_Data provided_
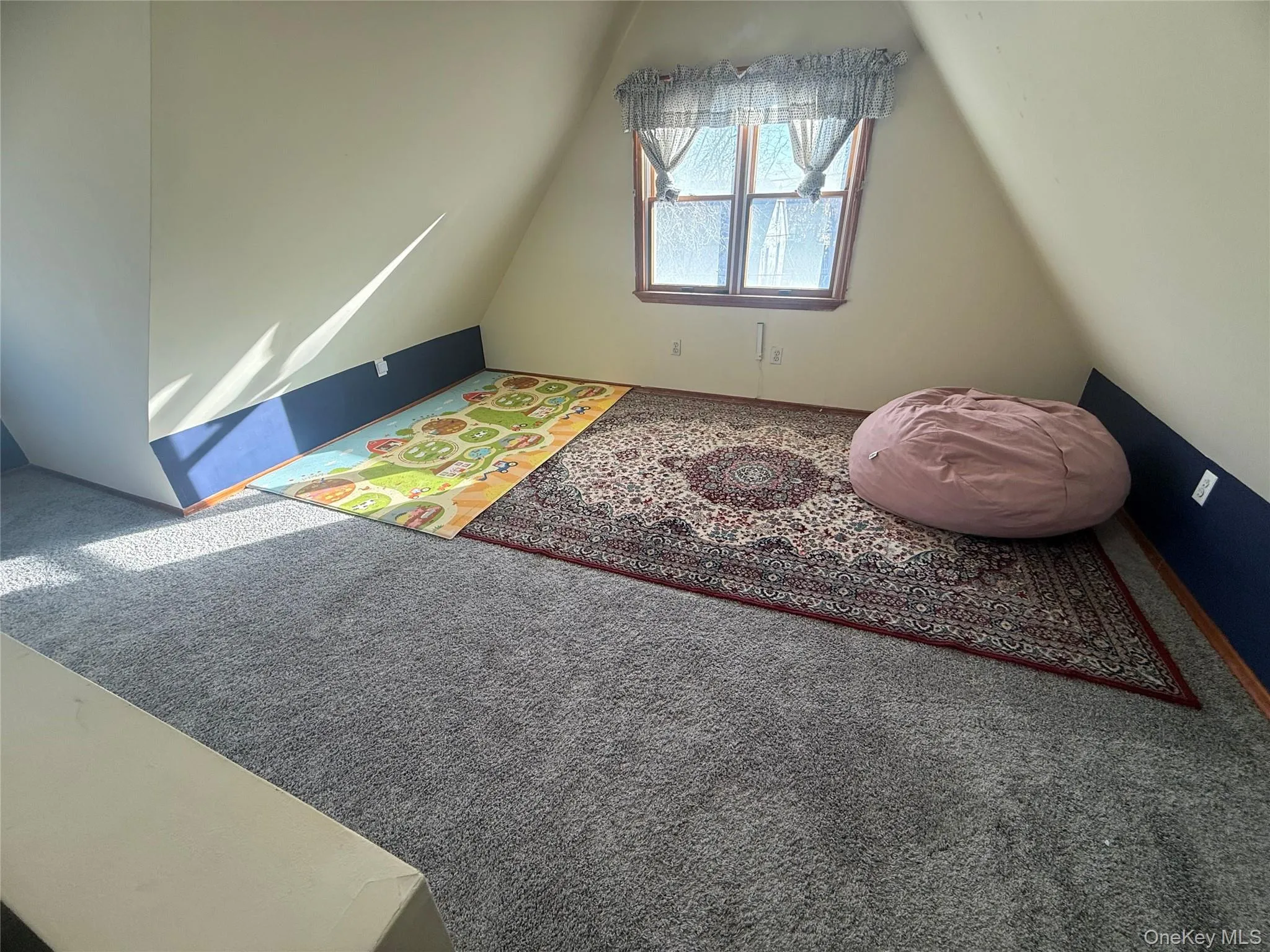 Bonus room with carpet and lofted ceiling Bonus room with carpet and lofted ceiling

* * *

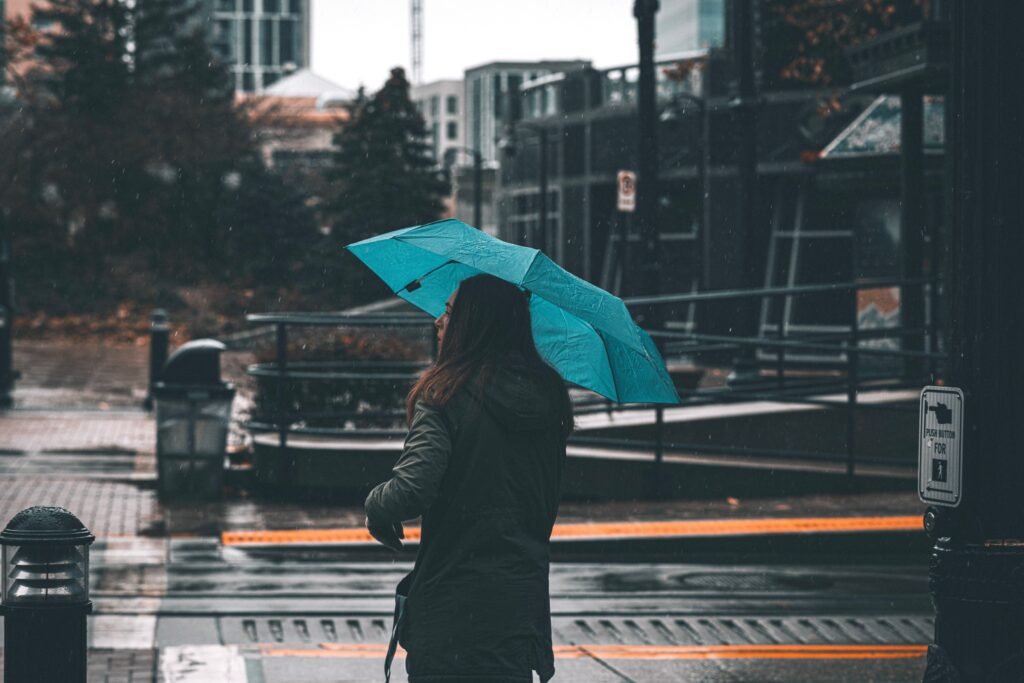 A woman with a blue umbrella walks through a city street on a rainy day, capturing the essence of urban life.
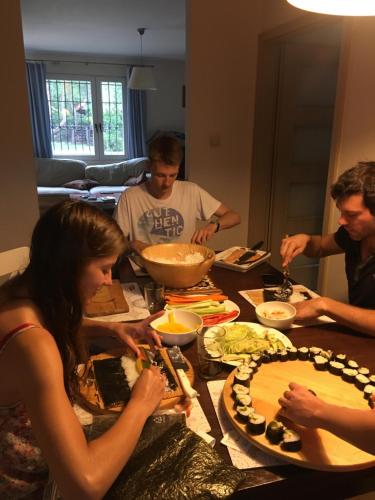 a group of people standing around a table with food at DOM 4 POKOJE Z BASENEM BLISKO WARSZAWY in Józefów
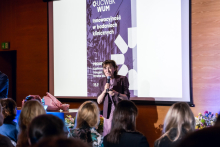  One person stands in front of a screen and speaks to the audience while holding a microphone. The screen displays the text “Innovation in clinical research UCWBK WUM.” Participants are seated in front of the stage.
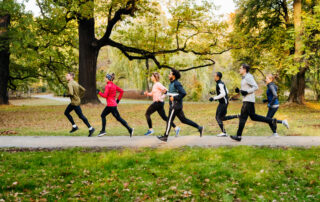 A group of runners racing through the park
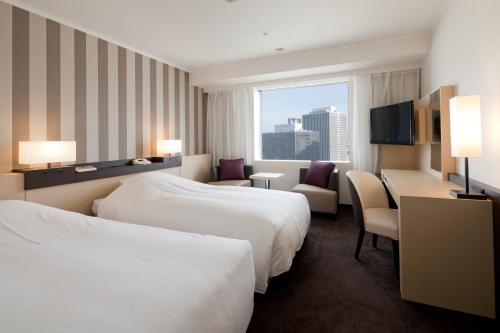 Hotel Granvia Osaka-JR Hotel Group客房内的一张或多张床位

...

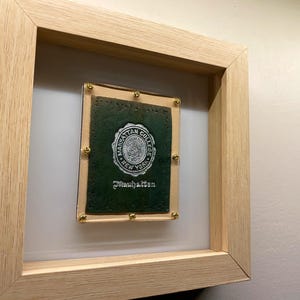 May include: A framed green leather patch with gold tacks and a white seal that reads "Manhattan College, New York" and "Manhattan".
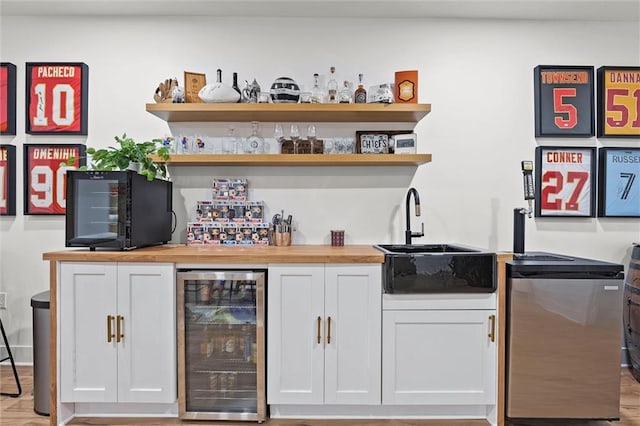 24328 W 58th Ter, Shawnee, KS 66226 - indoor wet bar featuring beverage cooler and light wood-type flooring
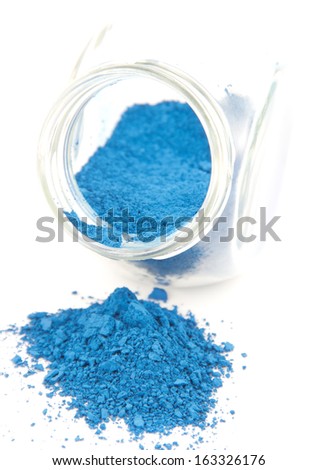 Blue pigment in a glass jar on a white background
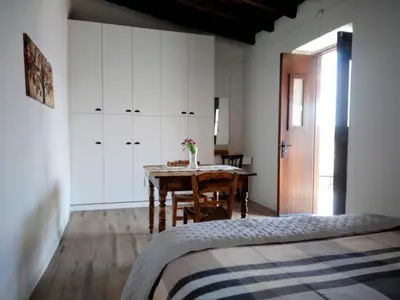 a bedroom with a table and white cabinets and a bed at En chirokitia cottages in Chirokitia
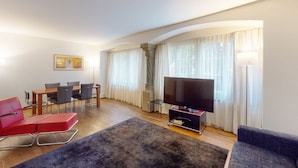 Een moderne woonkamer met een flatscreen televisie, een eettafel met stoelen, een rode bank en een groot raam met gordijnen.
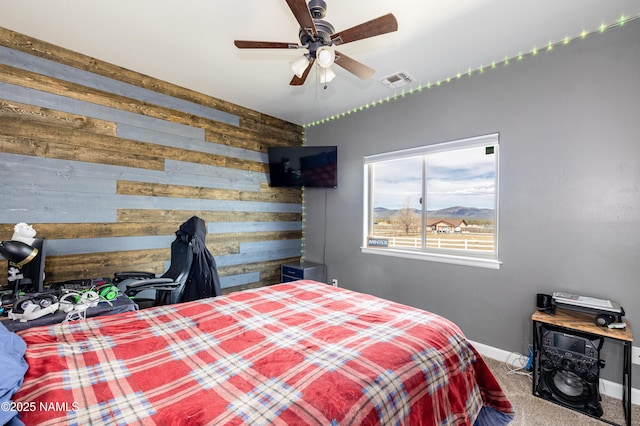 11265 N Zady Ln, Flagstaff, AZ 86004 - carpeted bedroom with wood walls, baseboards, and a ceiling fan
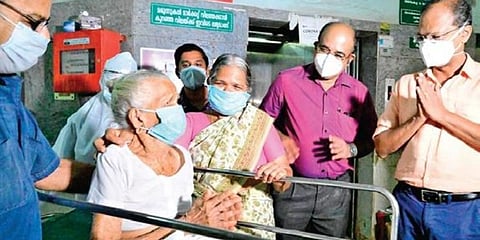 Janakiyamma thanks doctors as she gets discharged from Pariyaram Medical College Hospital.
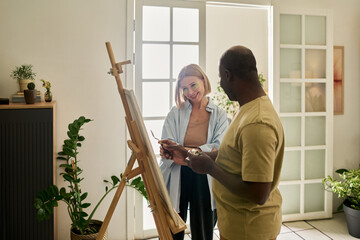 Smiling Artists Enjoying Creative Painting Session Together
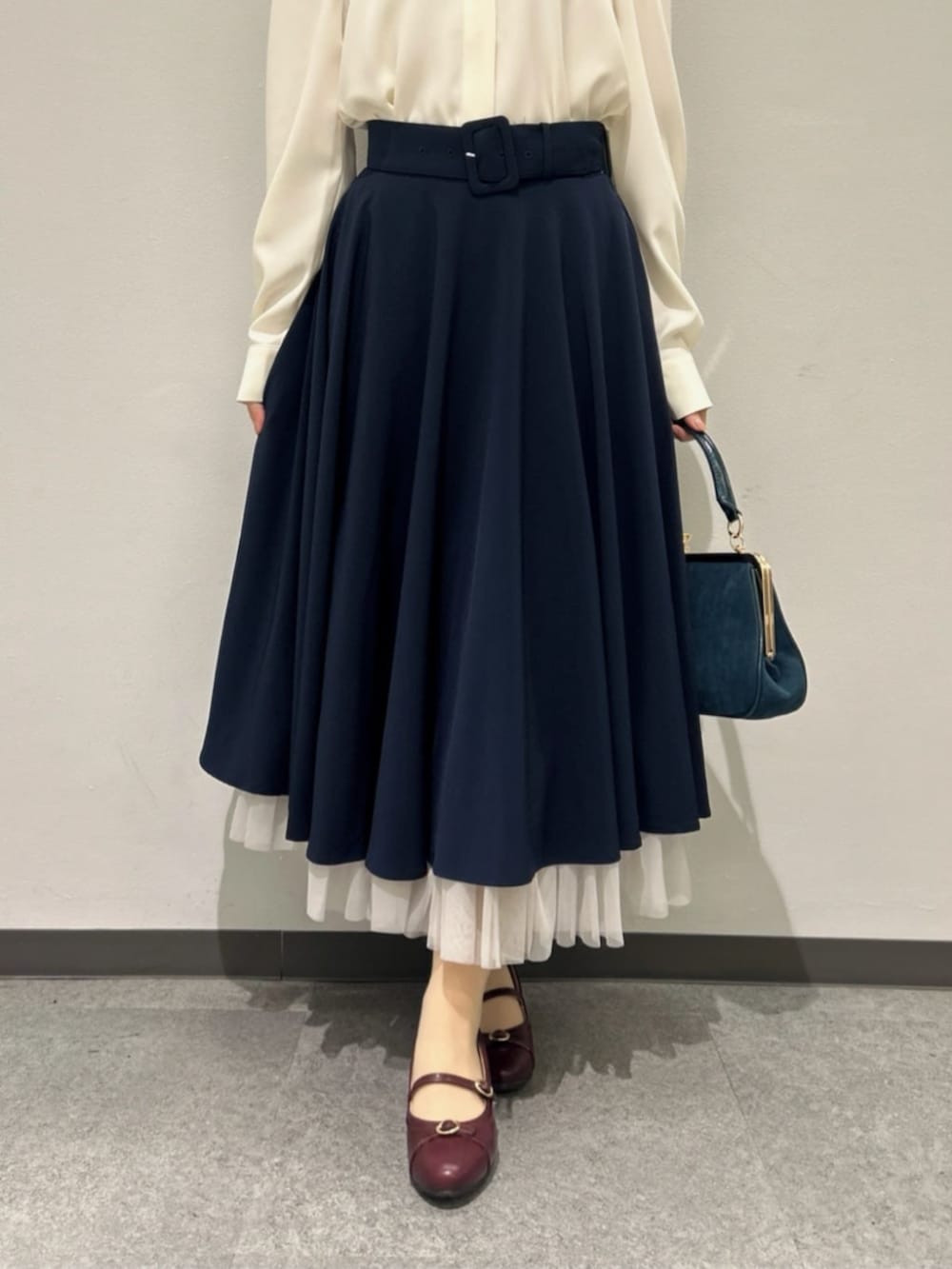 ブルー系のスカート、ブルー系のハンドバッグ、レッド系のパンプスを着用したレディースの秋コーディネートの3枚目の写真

_The task_
Starting at the line with "Blue pigment in" and finishing at the line with "ブルー系のスカート、ブルー系", copy the material above exactly, both lines included. Nothing else goes in, and no pictures.

_Your solution_
 Blue pigment in a glass jar on a white background
 a bedroom with a table and white cabinets and a bed at En chirokitia cottages in Chirokitia
 Een moderne woonkamer met een flatscreen televisie, een eettafel met stoelen, een rode bank en een groot raam met gordijnen.
 11265 N Zady Ln, Flagstaff, AZ 86004 - carpeted bedroom with wood walls, baseboards, and a ceiling fan
 Janakiyamma thanks doctors as she gets discharged from Pariyaram Medical College Hospital.
 Smiling Artists Enjoying Creative Painting Session Together
 ブルー系のスカート、ブルー系のハンドバッグ、レッド系のパンプスを着用したレディースの秋コーディネートの3枚目の写真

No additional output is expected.